# Brief
The answer is an exact copy of the lines from the one with "BMW 5 F10 F11 Fuel injector 7805428" to the end of the listing below, pictures left out.

┏━━

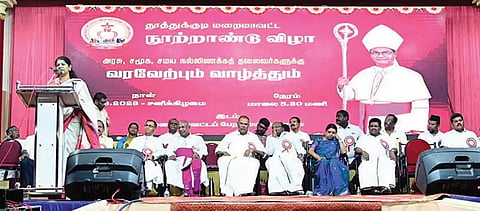 நூற்றாண்டு விழாவில் கனிமொழி எம்.பி. பேசிய காட்சி. அருகில் சபாநாயகர் அப்பாவு, அமைச்சர்கள் கீதாஜீவன், அனிதா ராதாகிருஷ்ணன் மற்றும் பலர் உள்ளனர்.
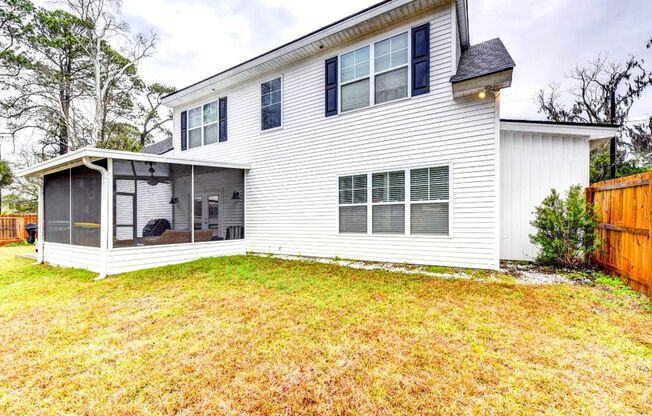 3 bed, 2.5 bath located in Isle of Hope area Savannah, GA--Available in March 2025!!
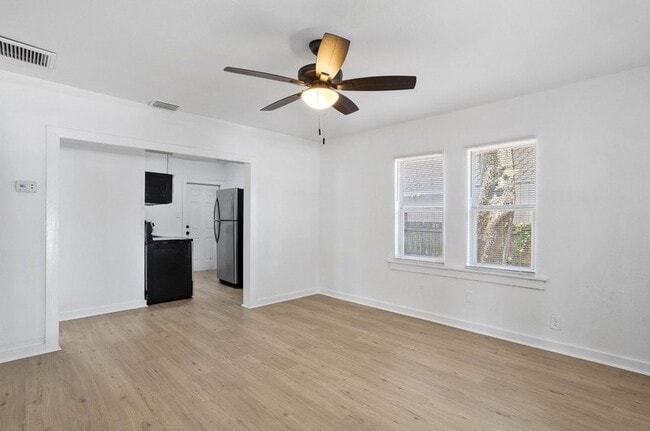 Building Photo - 2518 5th St S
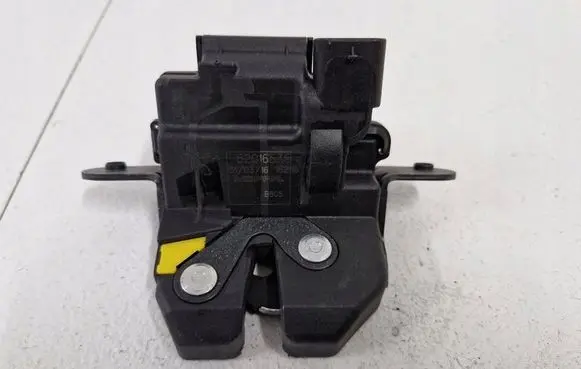 Fiat 500X Tailgate/trunk/boot lock/catch/latch 52016535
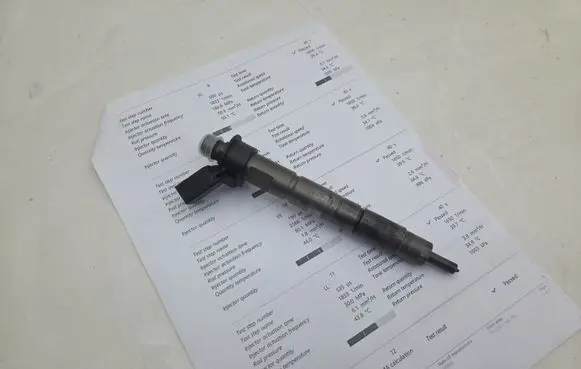 BMW 5 F10 F11 Fuel injector 7805428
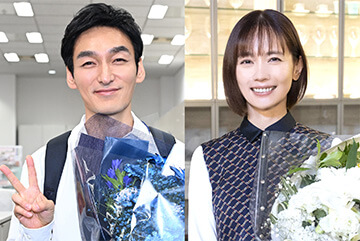 草彅剛、中村ゆりが笑顔でクランクアップ！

┗━━

# Response
 BMW 5 F10 F11 Fuel injector 7805428
 草彅剛、中村ゆりが笑顔でクランクアップ！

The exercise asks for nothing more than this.